Dias explica que o trabalho de Pereira se encaixa em uma agenda mais ampla de pesquisa desenvolvida pelo Grupo de Análise de Políticas de Inovação (Gapi), do IG, que passa pela reflexão sobre políticas da vida e da morte. “A forma como esse tipo de tecnologia é produzida no contexto do mundo contemporâneo acaba reforçando o que poderíamos chamar de política da morte”, afirma o docente. De acordo com Dias, essa infraestrutura é projetada para criar dinâmicas específicas no contexto da guerra, delineando uma fronteira entre o que é considerado legítimo e ilegítimo no direito internacional, bem como entre o que é moral e imoral. Pereira considera que o elemento do direito é mais um nicho dessa infraestrutura. “Existe um direito internacional que é conivente com determinados tipos de violência. Fui muito bem orientada na dissertação a perceber como essas violências acontecem, apesar do direito. Existe todo esse sistema de proteção internacional e humanitário que vai até um certo ponto”, explica a pesquisadora.
Pereira cita as políticas de inimizade, teorizadas pelo historiador camaronês Achille Mbembe, a partir das quais se nega a diplomacia nesses territórios. “Há evidências de que esse não seja um caso isolado [o dos iemenitas]. Ao contrário, há diversos relatórios internacionais humanitários que apresentam outros testemunhos de familiares vítimas desta política que, em última instância, configura uma política de violência e extermínio”, afirma Pereira.
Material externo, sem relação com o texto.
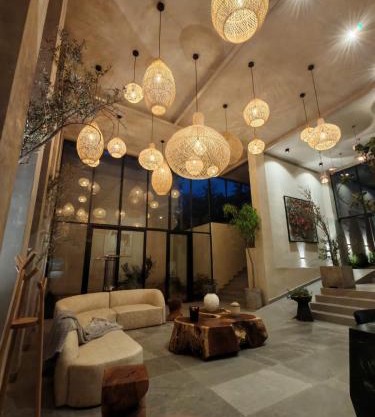 Serenzzo Hotel & Cuisine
A maior parte das vítimas civis sequer tem sua identidade confirmada em documentos oficiais após os ataques conduzidos com drones. “A inserção dessa máquina autônoma nas relações transfronteiriças degrada o sistema internacional de direitos humanos, altera o entendimento e a permissividade sobre vigilância, controle e poder e enfraquece a diplomacia e os processos de governança e de regulação internacionais”, afirma a pesquisadora em sua dissertação.
Desafios éticos e sociais
Pereira expressa grande preocupação com o texto apresentado no projeto de lei 2338/2023, que permite a utilização de inteligência artificial em armas letais para a defesa nacional. A pesquisadora vê a proposta como uma surpresa negativa, destacando a necessidade de controle humano significativo em casos de sistemas autônomos. Ressalta, ainda, que essa abordagem pode abrir precedentes para diversas iniciativas de vigilância que comprometem importantes direitos fundamentais.
Movimentos contrários ao projeto de lei defendem o banimento de tecnologias de reconhecimento facial, policiamento preditivo, armas autônomas e sistemas para reconhecimento de emoções como forma de impedir o aprofundamento do racismo. A pesquisadora, ativa na campanha “Tire meu rosto da sua mira” pelo banimento do reconhecimento facial na segurança pública, questiona: “A política de vigilância necessariamente aumenta a segurança? Não temos tantas evidências assim. Temos visto vários exemplos de como essas tecnologias têm falhado, especialmente para populações mais vulnerabilizadas, como pessoas negras, que têm sido presas porque o reconhecimento facial falhou.”